One recent Saturday afternoon, a swarming, enthusiastic throng occupied most of the indoor and outdoor space around Burnt Hickory Brewery in Kennesaw, making it difficult to find a place to stand, and even more difficult to get a beer.

But Burnt Hickory president/brewmaster Scott Hedeen easily surfed the chaos of the brewery’s monthly “open house” — stopping to chat with Kennesaw mayor Mark Mathews before stepping to the makeshift stage to introduce Marietta musician Murray Attaway.

In April 2012, when I first came to Burnt Hickory, it was a fledgling “nano” operation, barely bigger than a home-brew rig. But I was impressed by Hedeen, a retired Emmy Award-winning TV cameraman and diehard music fan, who was inspired by the DIY ethos of punk rock.

Hedeen told me his plan was to start really small, break into the market and build a following, then build a bigger brewery. It’s taken a bit longer than he hoped — nearly three years.

BHB’s, strong, full-flavored core brands —Fighting Bishop Belgian-style triple, Ezekiel’s Wheel Pale Ale, Cannon Dragger IPA, Big Shanty Graham Cracker Stout — are beloved of beer geeks.

The limited-edition beers Hedeen made in tribute to favorite bands, such as the Germs, Jesus Lizard and Die Kreuzen, are now collectors’ items.

And in late 2014, the nano morphed into a micro with the installation of a new 20-barrel brew house, dubbed “Clementine,” that will allow BHB to make up to 4,000 barrels of beer a year.

“When I started, people told me there’s no way a nano brewery can work in Georgia with the laws here,” Hedeen said. “Yeah, I know that. I ran one for two-and-a-half years. Our best year as a nano brewery, we made 262 barrels. Now we’re going to make about 2,000.

“But in the beginning, it was never meant to be a successful business. It was designed to be my own version of beer school. And what I didn’t make in folding equity, I made in brand equity.”
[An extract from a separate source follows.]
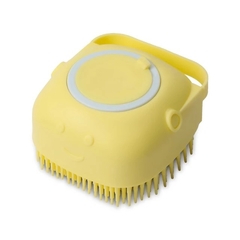 CEPILLO CUADRADO SILICONA BAÑO - Mundo Chulo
In many ways, Burnt Hickory is a new brewery, mainly because the new equipment enables Hedeen and his crew to start keeping up with demand. Last week, they were busy bottling a big batch of the Didjits Blood Orange IPA, a popular spring seasonal.

“For a long time, I didn’t want to over-hype what we were doing, because I didn’t want somebody looking for beer that they couldn’t find,” Hedeen said. “But now the beer is out there, and we’ve sort of come out of our cocoon. Here’s the beautiful butterfly that is the new BHB.

“My idea was to build the brand, and we’re finally making it available. It’s almost kind of like a band. We recorded a demo, shopped it around, and everybody heard it. Now we finally have our major label record out. It’s our debut record, but everybody knows the songs. So the plan worked.”

As to the future, Hedeen, who always seems ready for a party, is looking forward to the next open house March 21 and Burnt Hickory’s third anniversary later in April.

“We’ll have our big anniversary party on April 25,” he said. “Last year, something like 1,000 people showed up. It was crazy. This year, we will be freeing the floodgates of all the beer we’ve stocked up.”